» **Directions**: The task calls for the lines below from the line with "8x 3D Sticker" to the line with "dimension total du", both ends included, copied exactly, without any pictures.

** Source material follows **

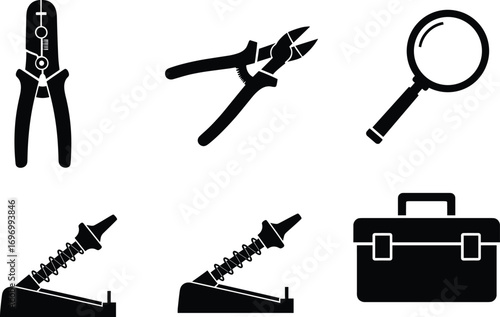 Black silhouette vector icons of hand tools and equipment including wire stripper, pliers, magnifying glass, soldering iron, toolbox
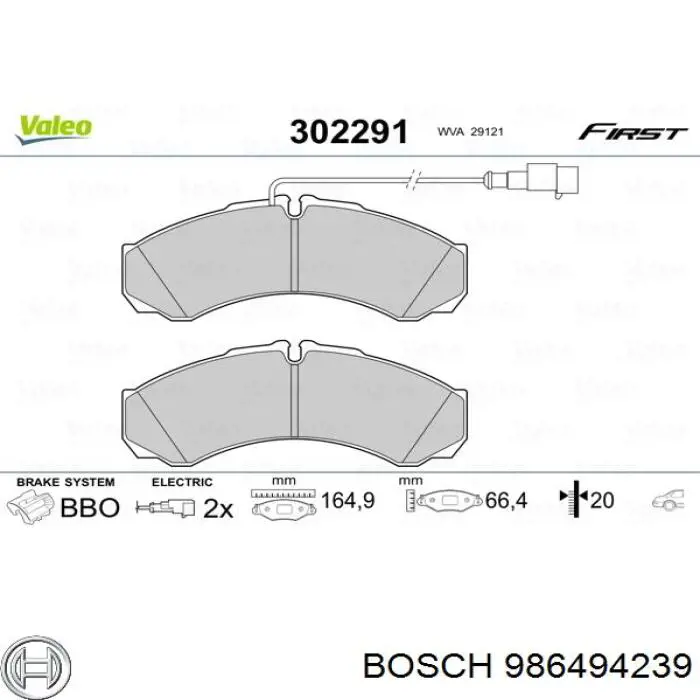 986494239 Bosch pastillas de freno traseras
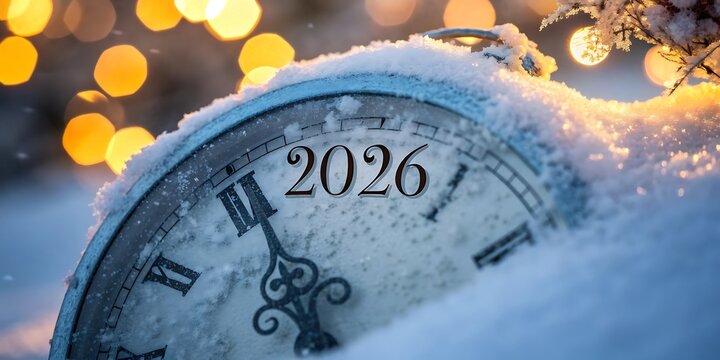 A vintage pocket watch covered in snow displays the year 2026 illuminated by warm bokeh lights symbolizing the approaching new year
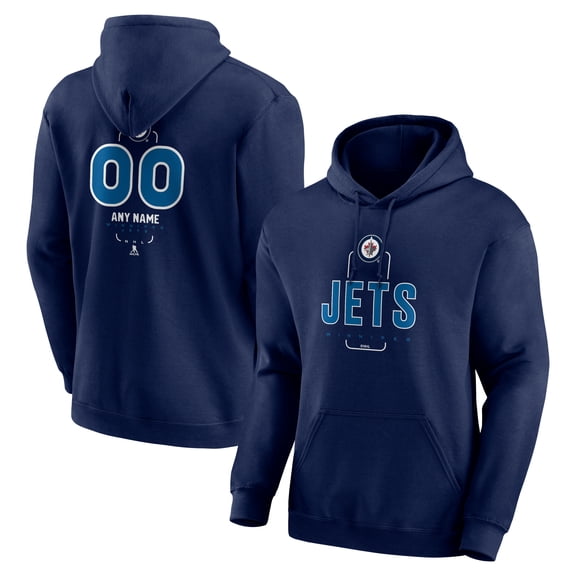 Men's Navy Winnipeg Jets Personalized Name & Number Midfielder Pullover Hoodie
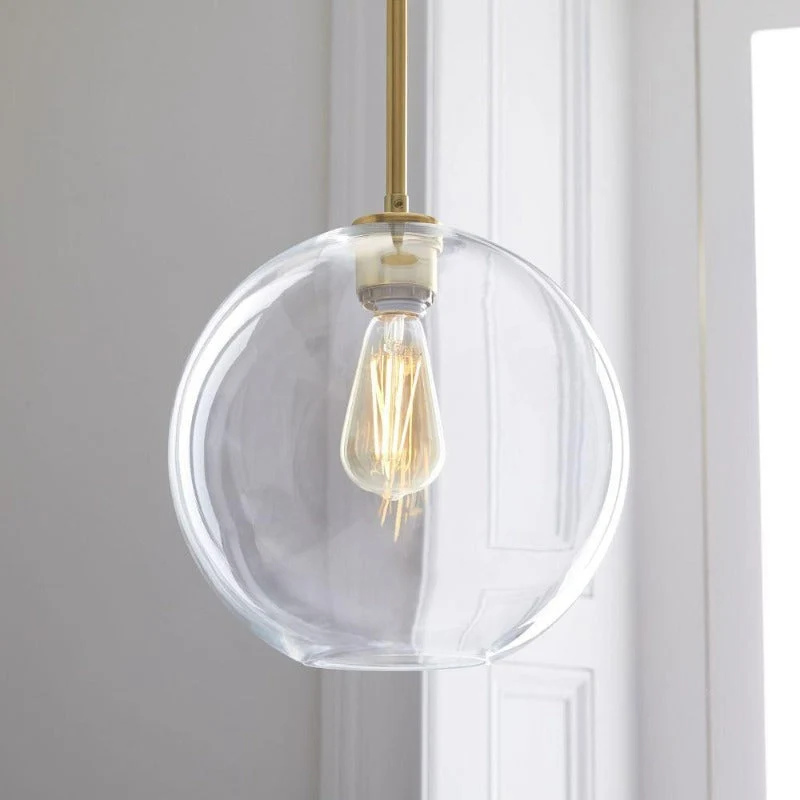 Zaire Modern Glass Globe Pendant Lights With Brass Base Euroselle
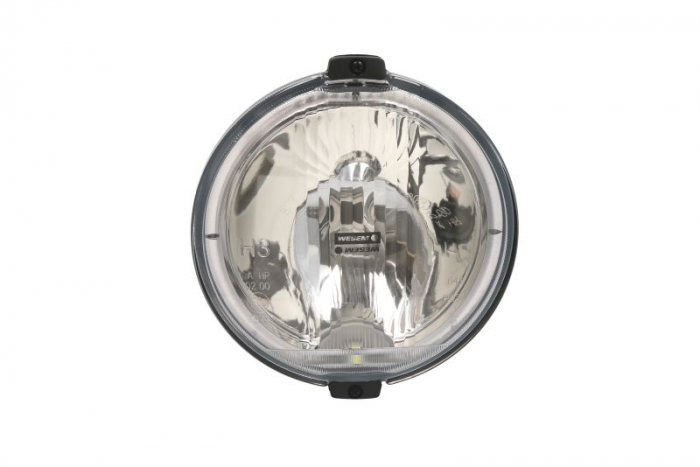 Far universal stanga dreapta (faza lunga, H3 LED, 24V, diametru 183mm, alb, plastic, negru, lumini pozitie, lungime cablu: 150mm)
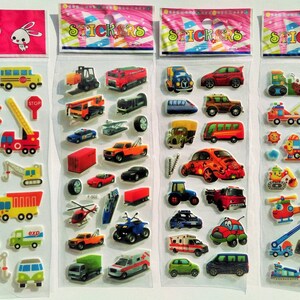 8x 3D Sticker Autos Aufkleber für Kinder - Tolle Haptik für kleine Hände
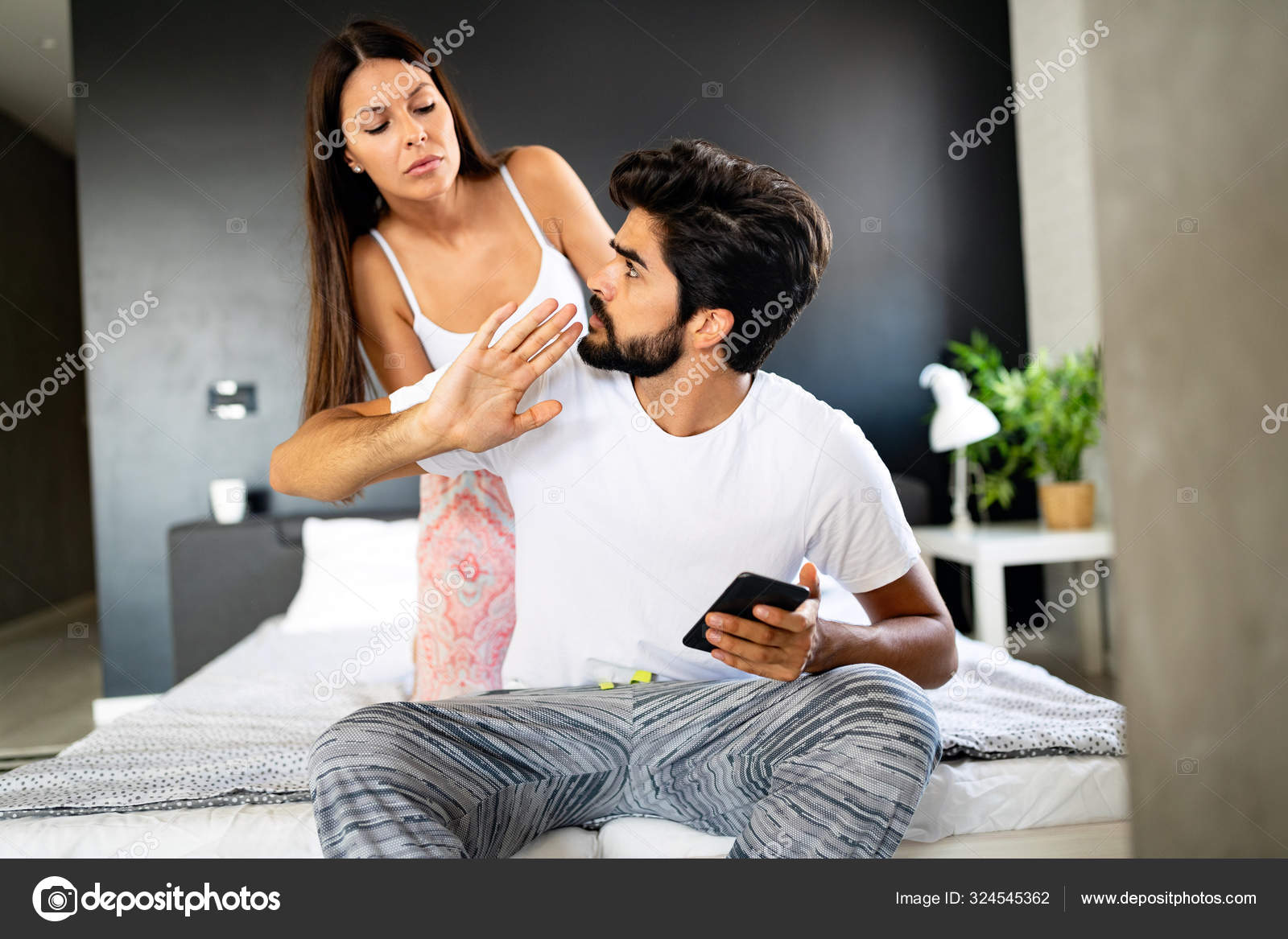 Shocked Wife Caught Husband Cheating Snooping His Messages Lover Smartphone Stock Photo by ©nd3000 324545362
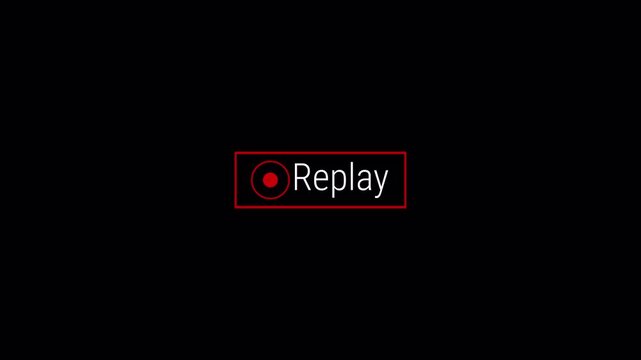 Replay text button animation for video camera and camcorder recordings, animated rewind or repeat icon, VHS Replay Overlay, Video camera replay screen animation overlay with alpha channel in 4k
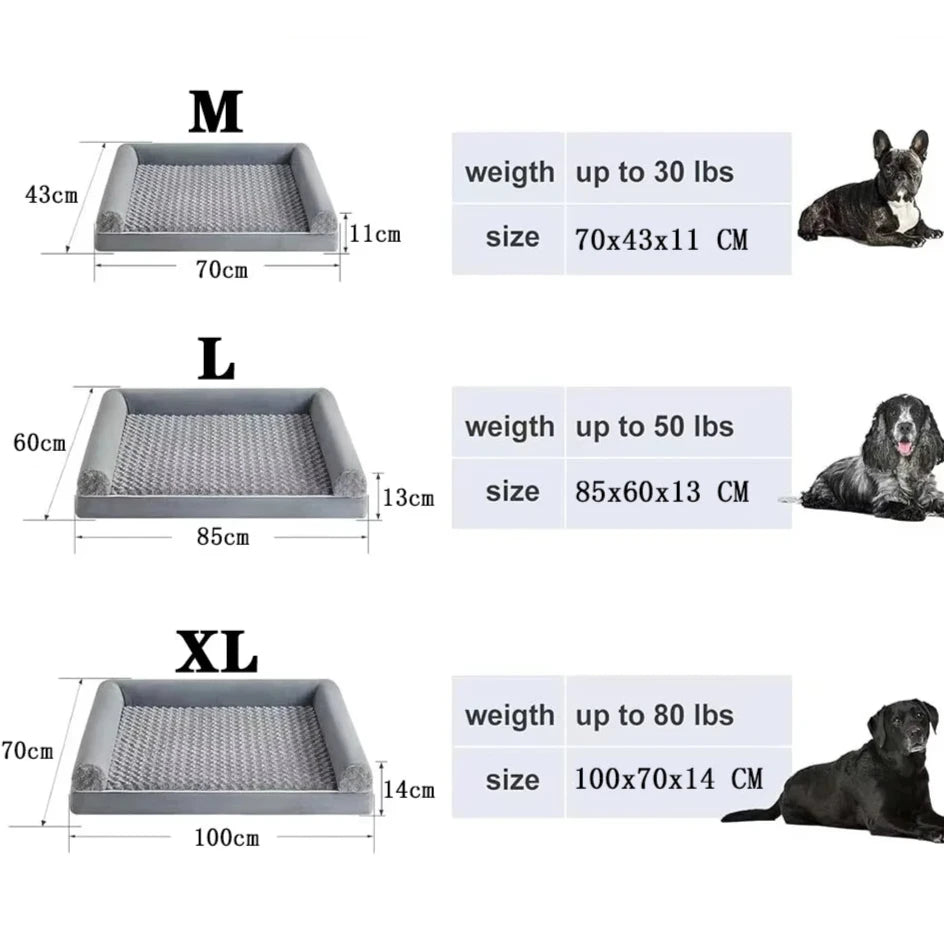 dimension total du panier pour grand chien multi saisons de boutiquechien de couleurs grise. Les tailles sont de M à XL parfait pour les grands chiens 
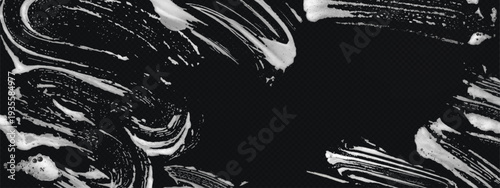 Soap foam stains border on dark transparent background. Vector realistic illustration of shampoo and water smears texture, washing detergent frame, sponge splatter banner, overlay effect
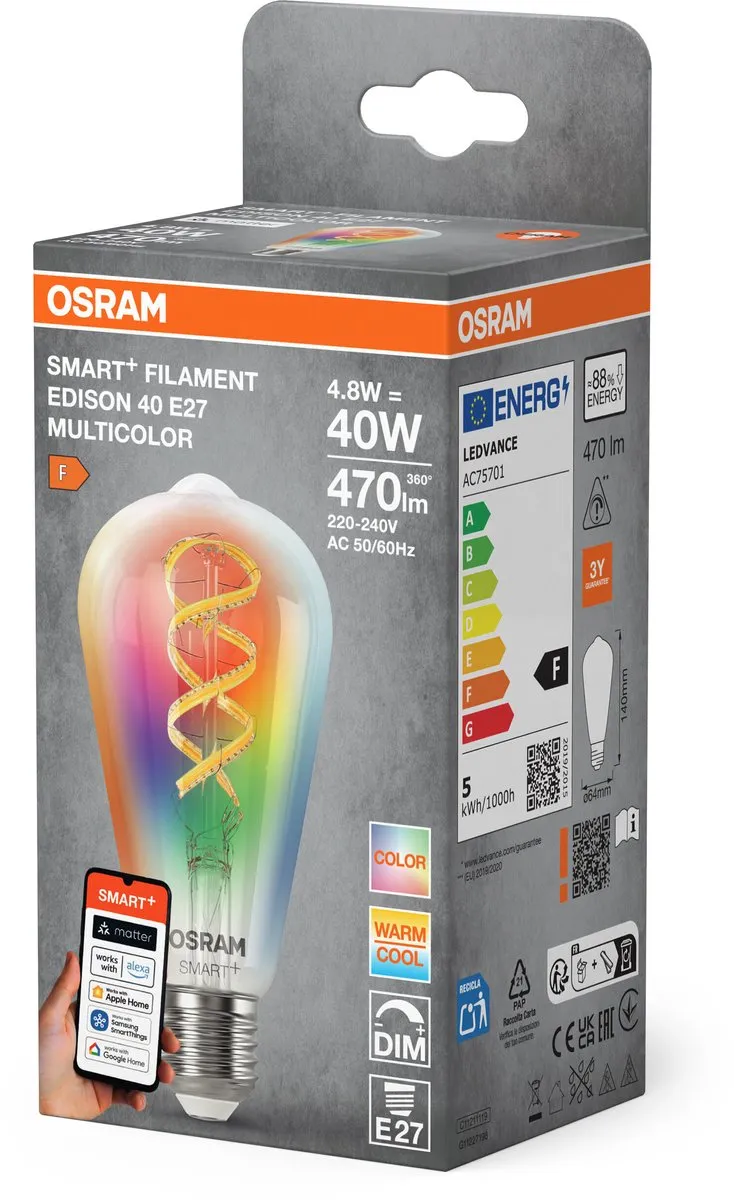 Osram SMART+ LED Edison 40 Filament E27 RGBW 4,8W - Mat - App/Spraakbediening - afbeelding 6 van 6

** End of Source material **

» **Task result**:
 8x 3D Sticker Autos Aufkleber für Kinder - Tolle Haptik für kleine Hände
 Shocked Wife Caught Husband Cheating Snooping His Messages Lover Smartphone Stock Photo by ©nd3000 324545362
 Replay text button animation for video camera and camcorder recordings, animated rewind or repeat icon, VHS Replay Overlay, Video camera replay screen animation overlay with alpha channel in 4k
 dimension total du panier pour grand chien multi saisons de boutiquechien de couleurs grise. Les tailles sont de M à XL parfait pour les grands chiens 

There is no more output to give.